The mess is "easy" but the "core" is hard

The Times, this Saturday, picked up this curiosity concerning an extraordinary twist in the Saga of Stelios. Having fought tooth and nail to stop predatory businesses "borrowing" the prefix "easy" which he so eloquently attached to easyJet, Sir Stelios Haji-Ioannou is now suing the airline he founded in 1995 in order to limit its ability to cash in on "easy-" activities that conflict with his other ventures.

Right: the latest gimmick in low-cost passenger transport -- edible flights ...

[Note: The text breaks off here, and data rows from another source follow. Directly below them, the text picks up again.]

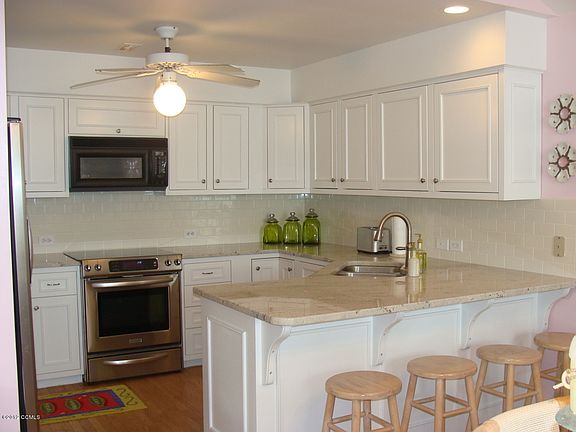4th image of 5901 Ocean Dr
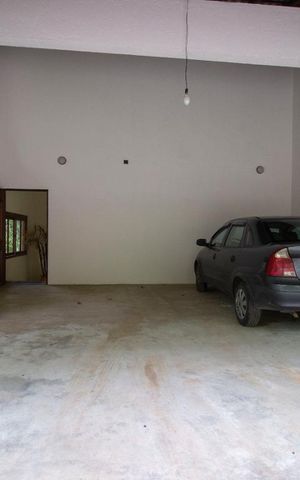 Casa de condomínio à venda com 700m², 4 quartos e 4 vagasGaragem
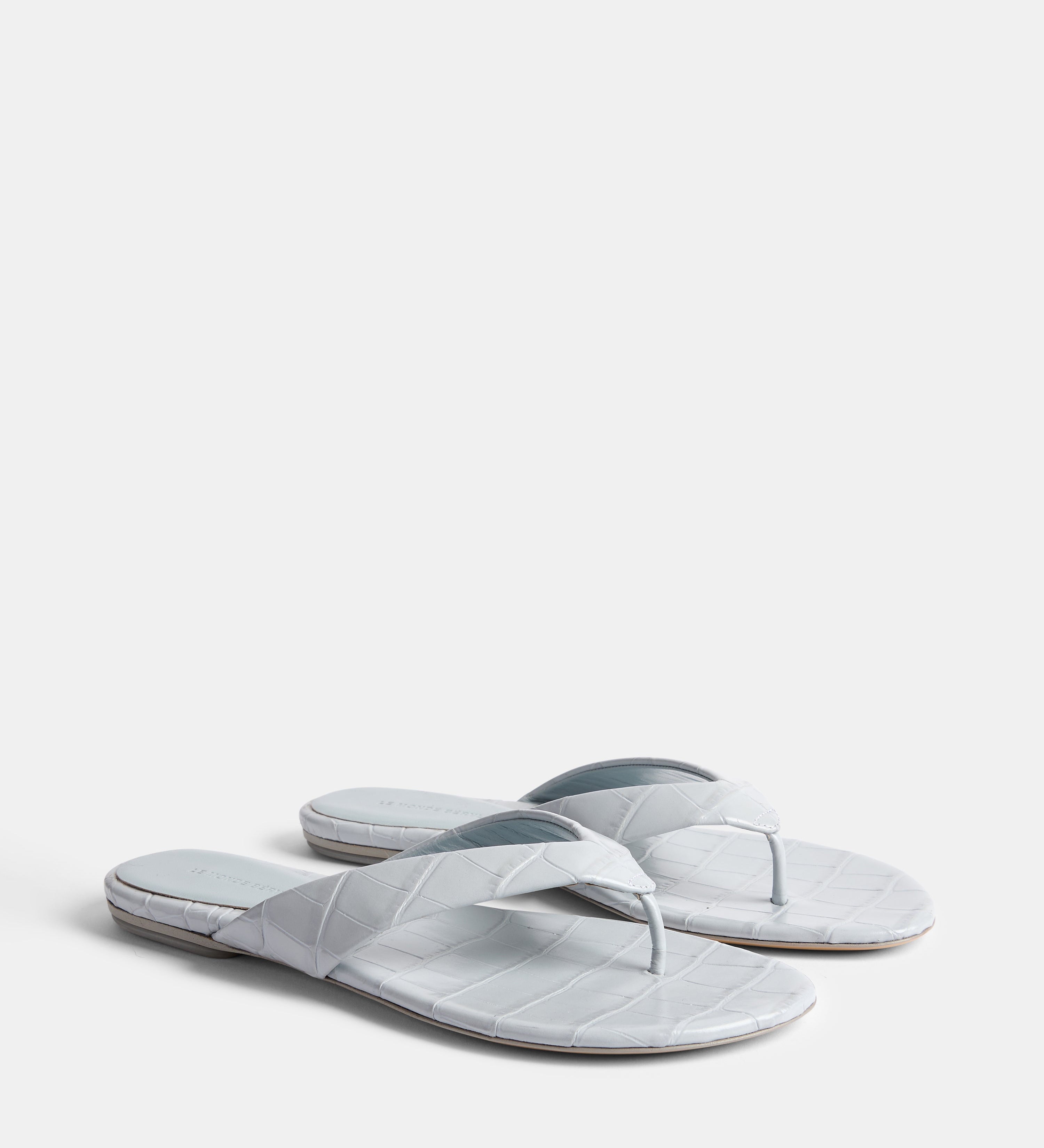 Le Monde Beryl - Flat Thong Sandal / Blue Leather Croc Effect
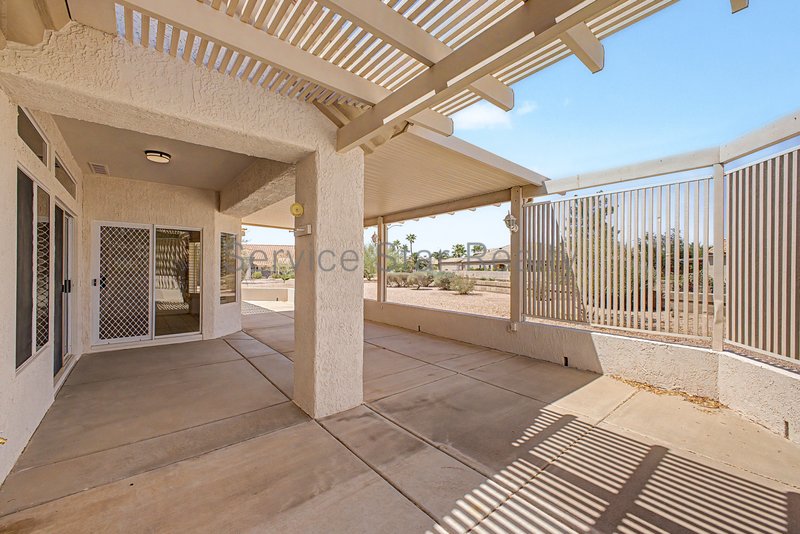Beautiflly updated 2 bedroom, 2 bath home in Sun City West!! property image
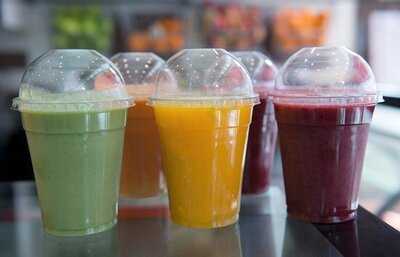 Cakes And Gateau Cafe La Maison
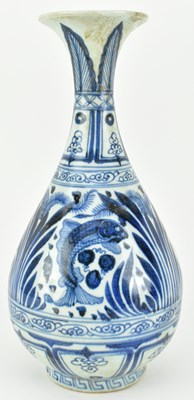 Lot 60 - MING BLUE AND WHITE YUHUCHUN VASE 青花鱼藻纹玉壶春瓶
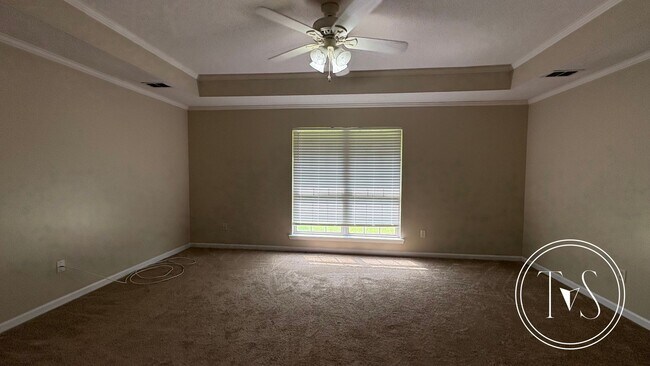 Building Photo - RATE DROP ALERT (was $$2600/month) and FAL...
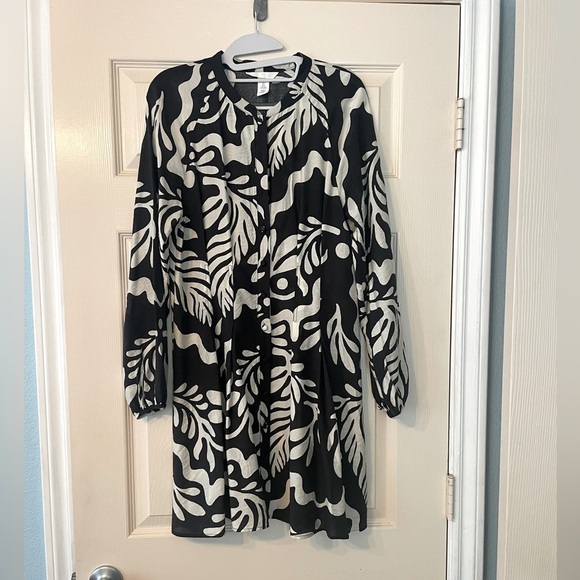 H&M Monochrome Leaf Pattern Long Sleeve Dress - Picture 1 of 7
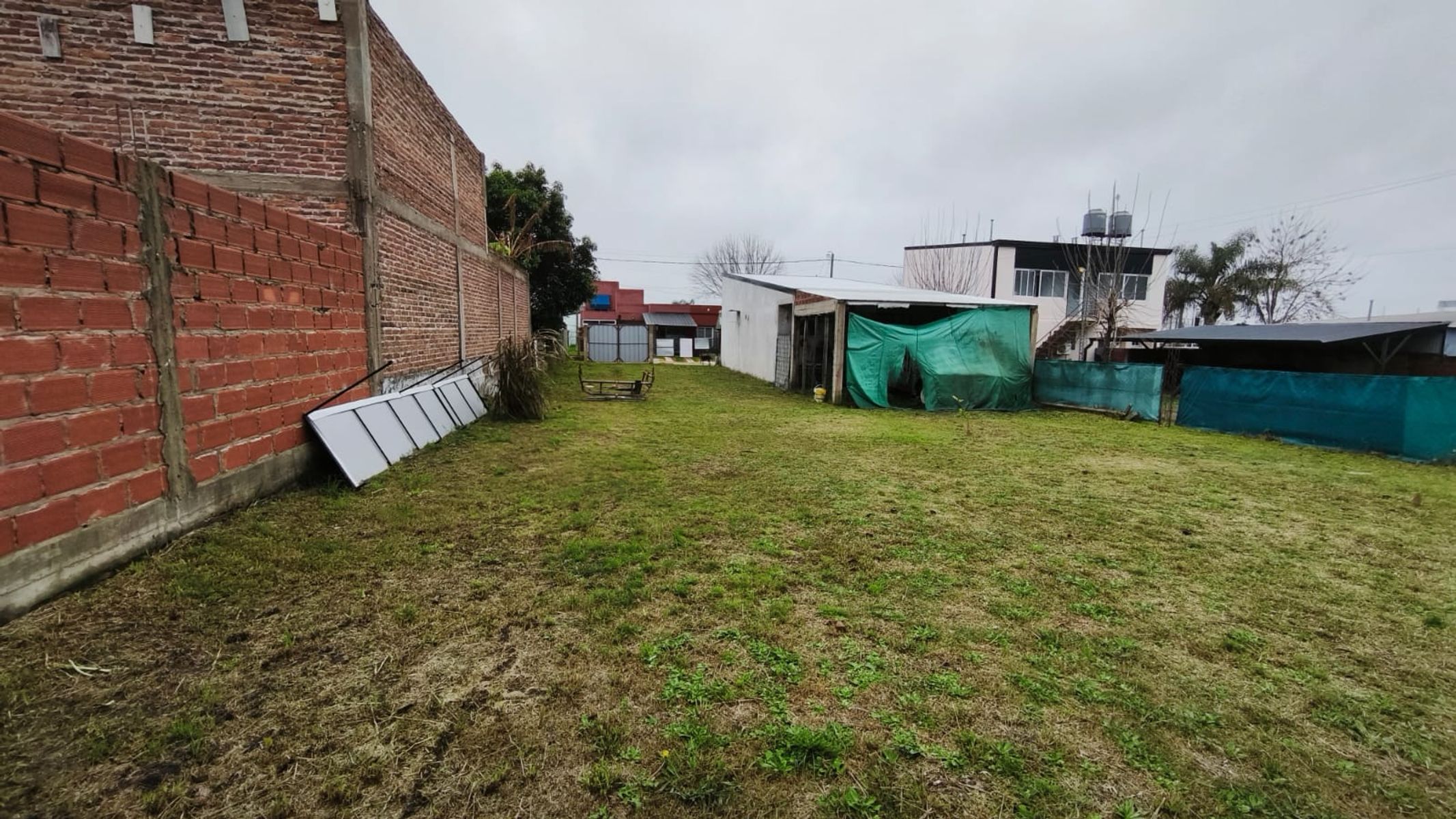 LOCAL COMERCIAL EN AMPLIO LOTE - 16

Sir Stelios, who remains a member of the easyJet board and retains a 16% share in it, also owns the easyJet name through another company, easyGroup IP Licensing, which is the claimant in these proceedings. According to Sir Stelios, easyJet has associated itself with non-flying activities such as hotels, car hire and insurance. This is reputedly contrary to the terms laid down when easyJet was floated in 2000, when the brand licensing contract required the carrier to make 75 per cent of its income from “core activities”. This term is open to different interpretations: EasyJet says it includes activities associated with transporting passengers such as levying additional baggage charges, providing airport parking and running hotels. Sir Stelios considers that these activities clash with his other “easy” ventures, submitting that the airline's easyJethotels and easyJetholidays are potentially confusing with easyGroup brands such as easyHotels and easyCruise.

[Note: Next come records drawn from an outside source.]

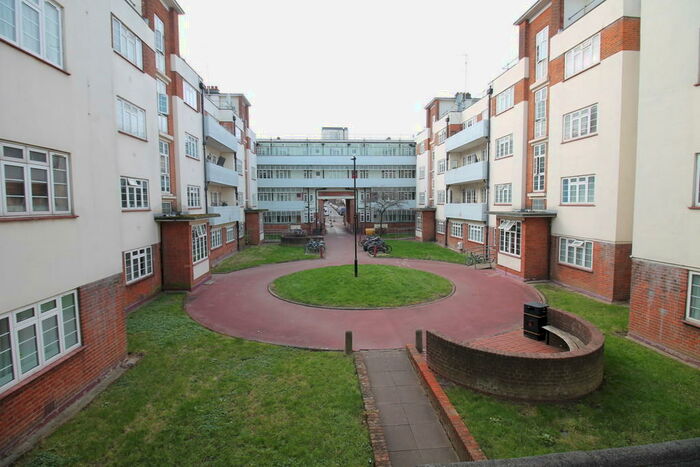 2 Bedroom Apartment To Rent In Green Lanes, London, N8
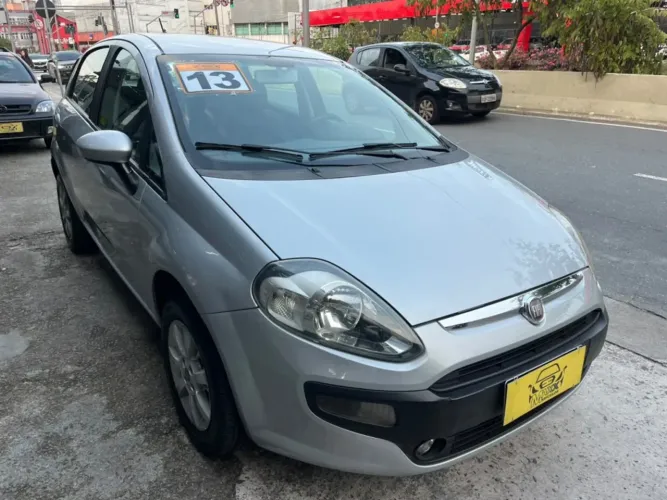 Fiat Punto Attractive 1.4 Fire Flex 8V 5P 2013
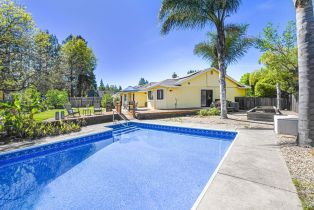 Single Family Residence,  Barrio way, Windsor, CA 95492 - 52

The IPKat is desperately worried about this litigation: if the defendants are allowed to get away with their business plans, members of the public might be duped into believing that the word "easy" is an ordinary descriptive term and not, er ... never mind. Merpel wonders whether any companies that were so daft as to conceive a provision as vague as "core activities" and then plant it at the heart of a serious business arrangement received independent legal advice.